Besides the type naming, there is really just one change that could look a little bit like magic — the "SelectBit". If a bit of x is set, the respective bit of b is returned; otherwise, the respective bit of a; in other words, a blend. The main MD5 hash function is shown in Code Snippet 5.

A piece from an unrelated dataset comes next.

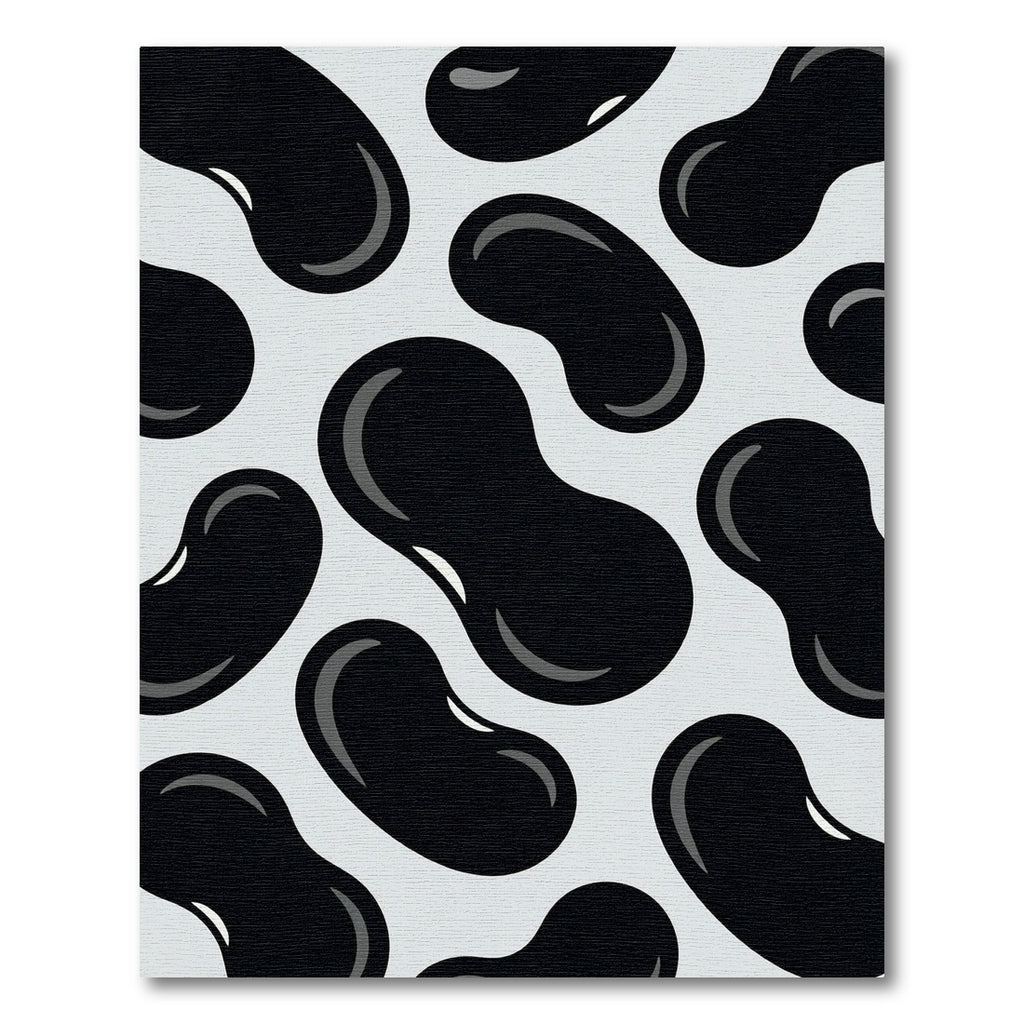 Monochrome Black Bean Scatter Rug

inline void MD5(const uint8_t* pMSG,DRealU& h0,DRealU& h1,DRealU& h2,DRealU& h3,uint32_t Offset)
{
	const DRealU w0  =	Offset(DRealU(*reinterpret_cast<const uint32_t*>(pMSG + 0 * 4) + Offset));
	const DRealU w1  =	*reinterpret_cast<const uint32_t*>(pMSG + 1 * 4);
	const DRealU w2  =	*reinterpret_cast<const uint32_t*>(pMSG + 2 * 4);
	const DRealU w3  =	*reinterpret_cast<const uint32_t*>(pMSG + 3 * 4);
	const DRealU w4  =	*reinterpret_cast<const uint32_t*>(pMSG + 4 * 4);
	const DRealU w5  =	*reinterpret_cast<const uint32_t*>(pMSG + 5 * 4);
	const DRealU w6  =	*reinterpret_cast<const uint32_t*>(pMSG + 6 * 4);
	const DRealU w7  =	*reinterpret_cast<const uint32_t*>(pMSG + 7 * 4);
	const DRealU w8  =	*reinterpret_cast<const uint32_t*>(pMSG + 8 * 4);
	const DRealU w9  =	*reinterpret_cast<const uint32_t*>(pMSG + 9 * 4);
	const DRealU w10 =	*reinterpret_cast<const uint32_t*>(pMSG + 10 * 4);
	const DRealU w11 =	*reinterpret_cast<const uint32_t*>(pMSG + 11 * 4);
	const DRealU w12 =	*reinterpret_cast<const uint32_t*>(pMSG + 12 * 4);
	const DRealU w13 =	*reinterpret_cast<const uint32_t*>(pMSG + 13 * 4);
	const DRealU w14 =	*reinterpret_cast<const uint32_t*>(pMSG + 14 * 4);
	const DRealU w15 =	*reinterpret_cast<const uint32_t*>(pMSG + 15 * 4);

	DRealU a = h0;
	DRealU b = h1;
	DRealU c = h2;
	DRealU d = h3;

	a = Step1< 7>(a, b, c, d, k0, w0);
	d = Step1<12>(d, a, b, c, k1, w1);
	.
	.
	.
	d = Step4<10>(d, a, b, c, k61, w11);
	c = Step4<15>(c, d, a, b, k62, w2);
	b = Step4<21>(b, c, d, a, k63, w9);

	h0 += a;
	h1 += b;
	h2 += c;
	h3 += d;
}

Code Snippet 5: The main MD5 function

The majority of the code is again like a normal C function, except that the first lines prepare the data by replicating our SIMD registers with the parameter passed. In this case we load the SIMD registers with the data we want to hash. One specialty is the "Offset" call, since we don't want every SIMD lane to do exactly the same work, this call offsets the register by the lane index. It's like a thread-id you would add. See Code Snippet 6 for reference.

Offset(Register)
{
	for(i = 0; i < THREAD_COUNT; i++)
		Register[i] += i;
}

Code Snippet 6: Offset is a utility function for dealing with different register widths

That means, our first element that we want to hash is not [0, 0, 0, 0] for Intel SSE or [0, 0, 0, 0, 0, 0, 0, 0] for Intel AVX. Instead the first element is [0, 1, 2, 3] and [0, 1, 2, 3, 4, 5, 6, 7], respectively. This replicates the effect of running the function in parallel by 4 or 8 threads/cores, but in case of SIMD, instruction parallel.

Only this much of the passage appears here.